Mal side-eyed the big man. Either he was joshing or he was being crass. With Jayne Cobb, it wasn’t always easy to tell.
“Question is,” said Zoë, “what are we going to do now? Haymer sent one paid killer after you. Chances are, when he finds out this one’s failed, he’ll send another.”
“Chances are he won’t.” Mal gestured towards an aluminum-sided crate. “Not once we’ve dropped that off on his front doorstep.”
The crate, which had more or less the dimensions of a coffin, held the mortal remains of Desmond Rouleau.
“Haymer’s a Bellerophon blueblood,” he went on. “Doesn’t have the sand to pull a trigger himself, but he’s happy to pay someone else to do it on his behalf. Man like that needs to be shown the consequences of his actions, needs to know what killin’ really looks like—and opening up that crate and gettin’ an eyeful of Rouleau’s perforated carcass will surely do the trick.”
“And if it don’t?”
“Then the same thing’ll happen with every other hired gun he sends, over and over. He’ll get the message in the end.”
“Works for me,” Jayne opined.
“Kind of a risk,” said Zoë.
“A calculated one.”
“Still a risk.”
Mal sighed. “That’s our lives now, Zoë. Ain’t nothin’ but risk, calculated or otherwise.”
Simon appeared on the catwalk, in time to catch Mal’s last remark. “What’s this about risk?” he asked River.
River craned her neck to look up at her older brother. “Mal was just saying he doesn’t mind if people try to kill him.” She had been listening in after all, in her own distracted fashion.

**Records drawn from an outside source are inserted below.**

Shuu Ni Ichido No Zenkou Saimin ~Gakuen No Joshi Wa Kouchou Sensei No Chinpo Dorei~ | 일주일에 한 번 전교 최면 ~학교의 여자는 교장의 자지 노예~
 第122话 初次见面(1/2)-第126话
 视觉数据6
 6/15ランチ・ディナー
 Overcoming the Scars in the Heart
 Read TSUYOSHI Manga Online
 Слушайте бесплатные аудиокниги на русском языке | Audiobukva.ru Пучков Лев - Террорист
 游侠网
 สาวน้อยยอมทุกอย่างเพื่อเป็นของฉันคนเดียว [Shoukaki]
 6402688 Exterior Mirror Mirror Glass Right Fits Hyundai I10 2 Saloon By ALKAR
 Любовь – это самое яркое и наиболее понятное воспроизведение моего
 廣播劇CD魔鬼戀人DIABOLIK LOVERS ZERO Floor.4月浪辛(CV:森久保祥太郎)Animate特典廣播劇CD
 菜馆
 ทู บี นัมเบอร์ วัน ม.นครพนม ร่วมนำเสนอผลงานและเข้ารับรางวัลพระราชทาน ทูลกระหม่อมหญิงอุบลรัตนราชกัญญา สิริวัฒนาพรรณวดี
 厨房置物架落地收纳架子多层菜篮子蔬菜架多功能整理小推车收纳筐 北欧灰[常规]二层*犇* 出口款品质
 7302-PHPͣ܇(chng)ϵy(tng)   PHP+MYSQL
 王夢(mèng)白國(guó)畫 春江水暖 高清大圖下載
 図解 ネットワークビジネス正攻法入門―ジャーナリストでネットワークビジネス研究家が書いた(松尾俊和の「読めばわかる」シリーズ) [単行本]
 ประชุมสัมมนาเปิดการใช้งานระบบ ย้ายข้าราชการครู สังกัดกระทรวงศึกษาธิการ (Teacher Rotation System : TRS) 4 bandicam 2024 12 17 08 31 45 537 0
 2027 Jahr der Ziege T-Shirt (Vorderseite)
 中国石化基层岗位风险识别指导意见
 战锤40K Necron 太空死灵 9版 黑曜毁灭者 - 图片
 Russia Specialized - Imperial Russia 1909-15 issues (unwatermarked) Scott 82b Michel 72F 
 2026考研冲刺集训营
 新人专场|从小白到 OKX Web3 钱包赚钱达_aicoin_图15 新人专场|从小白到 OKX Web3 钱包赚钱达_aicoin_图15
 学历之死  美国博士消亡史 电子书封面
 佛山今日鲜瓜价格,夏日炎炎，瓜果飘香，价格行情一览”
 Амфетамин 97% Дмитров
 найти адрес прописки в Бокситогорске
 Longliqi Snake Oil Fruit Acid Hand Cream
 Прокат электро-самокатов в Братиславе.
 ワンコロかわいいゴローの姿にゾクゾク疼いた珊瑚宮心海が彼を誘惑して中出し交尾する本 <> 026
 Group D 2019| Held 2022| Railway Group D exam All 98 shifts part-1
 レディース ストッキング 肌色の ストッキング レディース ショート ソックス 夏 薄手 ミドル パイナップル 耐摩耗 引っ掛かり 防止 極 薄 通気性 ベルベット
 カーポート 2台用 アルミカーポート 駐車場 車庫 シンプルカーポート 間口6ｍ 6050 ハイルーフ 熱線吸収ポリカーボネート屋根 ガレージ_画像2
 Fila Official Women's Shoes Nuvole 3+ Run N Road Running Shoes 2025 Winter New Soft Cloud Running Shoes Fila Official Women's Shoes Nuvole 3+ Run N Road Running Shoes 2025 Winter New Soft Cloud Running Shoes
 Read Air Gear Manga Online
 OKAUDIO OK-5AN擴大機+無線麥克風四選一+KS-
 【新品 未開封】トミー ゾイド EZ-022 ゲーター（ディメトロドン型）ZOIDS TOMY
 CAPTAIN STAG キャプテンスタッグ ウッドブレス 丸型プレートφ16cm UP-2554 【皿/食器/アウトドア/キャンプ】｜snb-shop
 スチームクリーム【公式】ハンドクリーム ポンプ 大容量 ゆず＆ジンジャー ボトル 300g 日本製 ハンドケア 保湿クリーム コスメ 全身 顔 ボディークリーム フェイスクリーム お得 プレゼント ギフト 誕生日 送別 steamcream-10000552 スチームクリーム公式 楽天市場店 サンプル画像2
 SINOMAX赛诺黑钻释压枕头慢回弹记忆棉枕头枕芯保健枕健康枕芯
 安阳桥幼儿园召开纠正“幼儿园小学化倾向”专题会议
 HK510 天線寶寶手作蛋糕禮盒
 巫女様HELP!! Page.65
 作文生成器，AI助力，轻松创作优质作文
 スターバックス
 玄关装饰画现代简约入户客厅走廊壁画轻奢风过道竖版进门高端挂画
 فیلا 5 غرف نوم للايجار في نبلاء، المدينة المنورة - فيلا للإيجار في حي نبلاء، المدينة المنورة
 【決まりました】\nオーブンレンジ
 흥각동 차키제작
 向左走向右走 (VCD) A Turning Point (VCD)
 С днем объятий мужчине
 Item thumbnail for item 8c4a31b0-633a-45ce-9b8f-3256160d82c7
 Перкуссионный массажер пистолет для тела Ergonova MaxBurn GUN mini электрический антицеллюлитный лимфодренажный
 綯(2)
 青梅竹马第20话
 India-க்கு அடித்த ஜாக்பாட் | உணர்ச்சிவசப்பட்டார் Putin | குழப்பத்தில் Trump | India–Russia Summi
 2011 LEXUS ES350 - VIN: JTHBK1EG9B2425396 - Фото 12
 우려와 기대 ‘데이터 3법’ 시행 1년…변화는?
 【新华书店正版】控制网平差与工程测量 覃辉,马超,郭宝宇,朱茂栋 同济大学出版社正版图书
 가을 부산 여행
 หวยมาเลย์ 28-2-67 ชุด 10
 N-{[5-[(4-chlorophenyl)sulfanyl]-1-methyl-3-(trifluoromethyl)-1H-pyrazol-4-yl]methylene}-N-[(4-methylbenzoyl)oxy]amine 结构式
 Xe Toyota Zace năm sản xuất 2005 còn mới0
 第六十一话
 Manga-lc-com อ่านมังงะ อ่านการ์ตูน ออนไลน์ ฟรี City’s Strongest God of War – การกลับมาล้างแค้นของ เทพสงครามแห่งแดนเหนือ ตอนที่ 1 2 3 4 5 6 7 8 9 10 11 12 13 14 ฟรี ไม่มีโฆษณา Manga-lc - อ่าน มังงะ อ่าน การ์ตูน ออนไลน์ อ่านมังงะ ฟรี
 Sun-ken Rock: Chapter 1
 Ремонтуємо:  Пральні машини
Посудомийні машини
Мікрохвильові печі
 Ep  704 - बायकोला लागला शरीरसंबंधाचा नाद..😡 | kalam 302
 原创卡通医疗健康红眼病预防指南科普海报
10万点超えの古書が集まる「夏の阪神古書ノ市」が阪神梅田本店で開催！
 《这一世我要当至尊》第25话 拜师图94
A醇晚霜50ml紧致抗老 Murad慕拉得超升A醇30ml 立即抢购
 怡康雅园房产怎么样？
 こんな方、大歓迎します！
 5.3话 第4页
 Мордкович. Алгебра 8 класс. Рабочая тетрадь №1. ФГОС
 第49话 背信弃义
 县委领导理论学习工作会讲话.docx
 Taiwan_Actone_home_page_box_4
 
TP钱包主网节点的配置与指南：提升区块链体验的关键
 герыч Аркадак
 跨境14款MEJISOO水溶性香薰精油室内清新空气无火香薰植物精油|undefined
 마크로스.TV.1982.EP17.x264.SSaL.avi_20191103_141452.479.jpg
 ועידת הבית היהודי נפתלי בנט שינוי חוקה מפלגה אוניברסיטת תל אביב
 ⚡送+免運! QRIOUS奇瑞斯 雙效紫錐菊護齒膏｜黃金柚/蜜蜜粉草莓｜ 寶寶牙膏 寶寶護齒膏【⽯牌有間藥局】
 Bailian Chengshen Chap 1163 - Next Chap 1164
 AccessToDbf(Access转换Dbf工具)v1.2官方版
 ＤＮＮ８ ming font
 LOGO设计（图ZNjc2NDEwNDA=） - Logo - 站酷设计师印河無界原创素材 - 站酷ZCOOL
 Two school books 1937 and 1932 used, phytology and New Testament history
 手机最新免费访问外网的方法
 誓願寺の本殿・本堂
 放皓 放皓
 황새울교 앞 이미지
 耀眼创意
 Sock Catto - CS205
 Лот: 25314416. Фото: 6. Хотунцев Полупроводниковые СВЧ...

“Ain’t what I said at all, River,” Mal corrected. “Somebody pulls a gun on me, a knife, any kinda weapon, with a view to doin’ me a mischief, I very much mind. Seems that’s becomin’ a more and more common occurrence these days, and I mightn’t like it but it’s something I just have to accept.”
“So where are we headed now?” Simon asked him.
“Bellerophon,” said River. “Mal has a present for Durran Haymer. One corpse, fresh off the production line.”
“Corpse?”
“In that box.”
“Seriously?”
“A point needs to be made,” Mal said.
“He was a hero, you know,” River said.
“Flatterin’ of you to say so, River,” said Mal. “I wouldn’t exactly describe what I did as heroic, my own self. Brave, maybe, but not heroic.”
“Bellerophon,” said River. “Demigod from Greek myth. Son of Poseidon. Rode the winged horse Pegasus. Slew the Chimera, a fire-breathing monster with the head of a lion, the body of a goat and the tail of a serpent.”
“Oh. That guy.”
“You’ve heard of him?”
“No, but he sounds like a hero all right. Slayin’ monsters and such.”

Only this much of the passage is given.